STORED DATA:
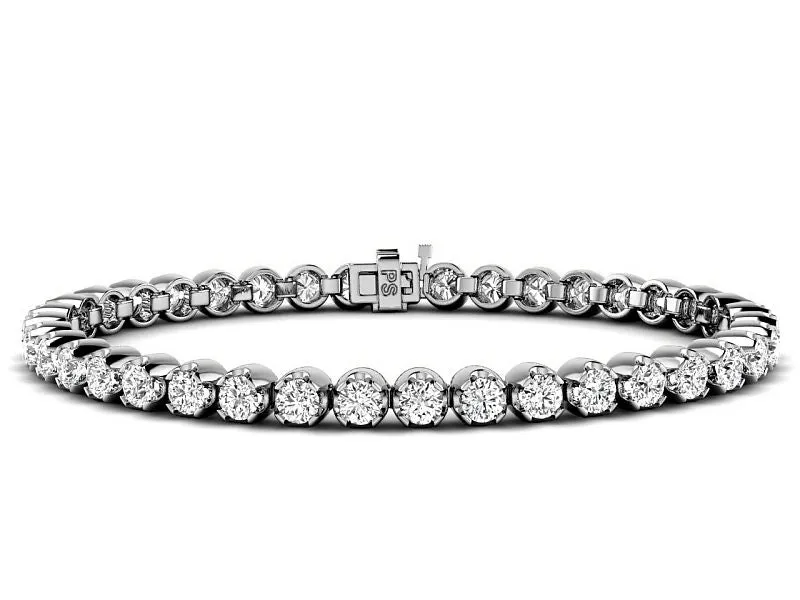 3.50-10.00 CT Round Cut Lab Grown Diamonds - Tennis Bracelet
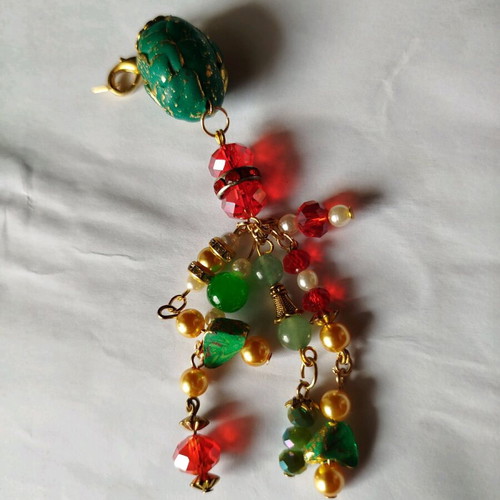 Keychain and purse charm handmade new, red and green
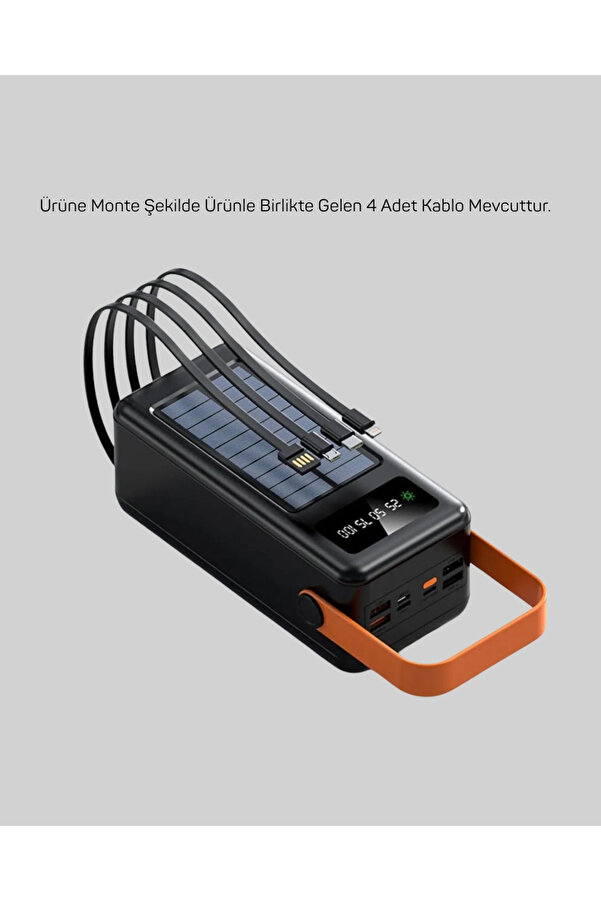 Buti̇k 80000 Mah Yüksek Kapasi̇teli̇ Powerbank Göstergeli̇ Solar Şarj Ci̇hazı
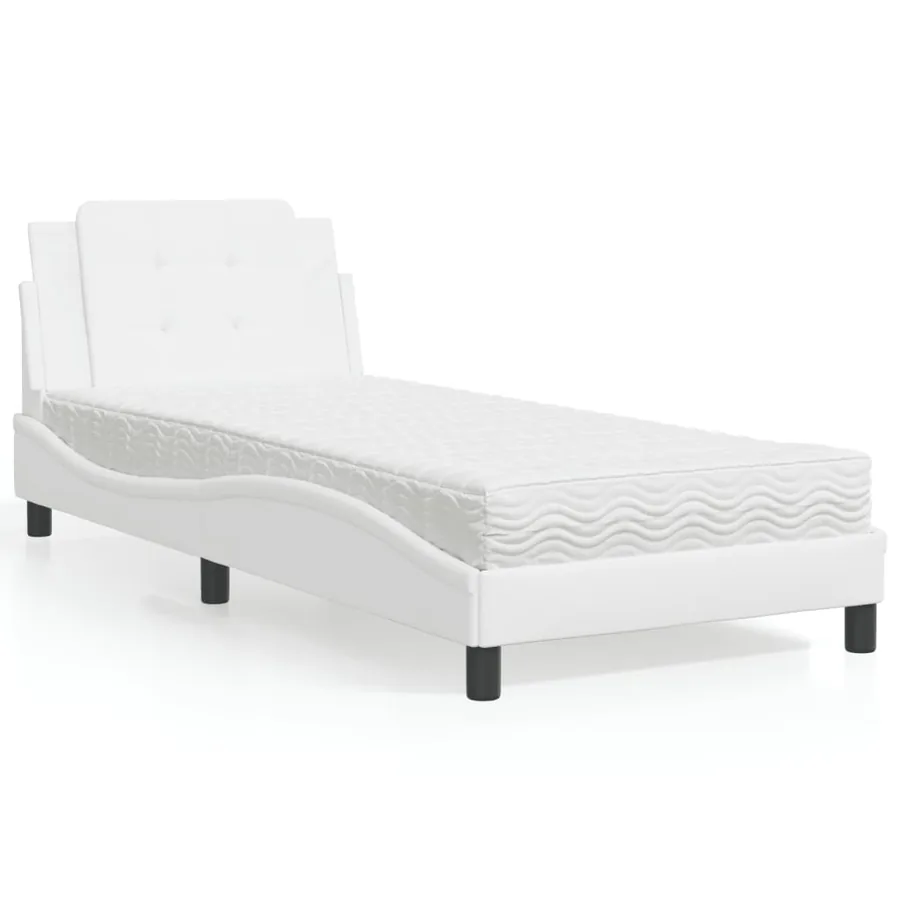 Cadre de lit sans matelas Zadar blanc 80x200 cm similicuir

TASK ITEM: An exact transcript of the listing is needed, free of pictures.

PROBLEM SOLUTION:
 3.50-10.00 CT Round Cut Lab Grown Diamonds - Tennis Bracelet
 Keychain and purse charm handmade new, red and green
 Buti̇k 80000 Mah Yüksek Kapasi̇teli̇ Powerbank Göstergeli̇ Solar Şarj Ci̇hazı
 Cadre de lit sans matelas Zadar blanc 80x200 cm similicuir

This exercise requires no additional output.